Tuesday, May 13, 2008

Ass-Headed Bottom vs. Frank Sobotka: Game 1

Ass-Headed Bottom: Mondays usually ain't no thang in fantasy baseball--most teams take the day off, and most fantasy owners watch NBA basketball. Not Bottom. Nosir. Contrariwise, I took advantage of an absurdly rainy Sunday all over this land, and stacked my Monday lineup with dudes playing double-headers, including badasses like Chipper Jones, traded to me for a song by some long-vanished Mexican. Here's Mr. Jones taking a professional approach to Pittsburgh's PNC Park, where he would go on to crush the ball and the hopes of Frank Sobotka. Of course, it's not over yet. Some poor, poor pitching on both sides has us both reeling, and somehow Frank managed to smuggle in ten (!) runs, I'm assuming in one of his cans. But at the end of one day, it's 9-7 Ass-Head, and it's looking like ol' Frank will have a tough time keeping up with my first-place donkeys. Hee-Haw.

Note: As for the fantasy German Romanticism League, Ass-Headed Bottom has been obliged to forfeit the remainder of his games to Koko on account of total ignorance and awed silence in the maestro's presence. However, he feels he can accede without too much shame, as the FGRL was only a fantasy fantasy league anyway, and it was cluttering the blog somethin' awful. For all y'all out there who read this blog religiously, and set your movie and tennis standards by it, we apologize for the long digressions about Friedrich Schiller. We've terminated his membership to our blog, so you won't be seeing him again. Before he left he admitted he found Le Samourai "ein hart schlagen."

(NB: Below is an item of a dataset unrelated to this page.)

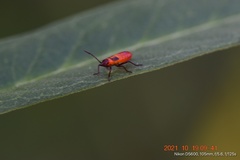 Oncopeltus fasciatus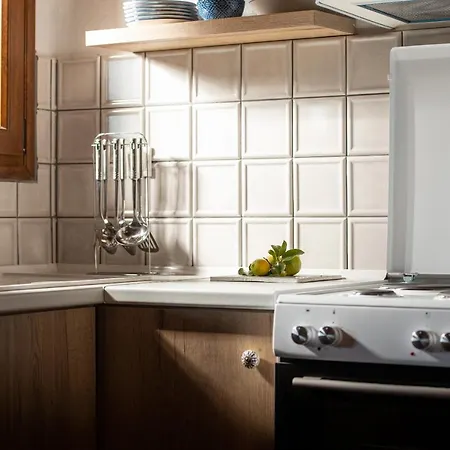 Amaryllis بيت للعطل *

Slothrop: Notice, lovers of our words, Ass-Head's rhetorical subterfuge, which sprouts through our land like mold on hot dog buns 22 days old. Ass-Head did in fact put in his lineup 5 players who played two games on Monday, knowing that Frank Sobotka did not have the same option available to him. Some real Clay Davis sheeeeeeeiiit, Ass-Head, and you know it. Shows Frank Sobotka just how scared you are-- only way you can win is by fixing the match.(And yes, despite having half the at-bats, Frank won 6 out of the 8 offensive categories on Monday.) Now that your clever ways have run their course, your bush-league karma will catch up to you. Why? Cuz Frank Sobotka's got Big Papi working the docks. Who have you got? Jack Cust? Sheeeeeeeeeeeiiit. Go play with your unicorns, Ass-Head. Frank's got dead prostitutes to take care of.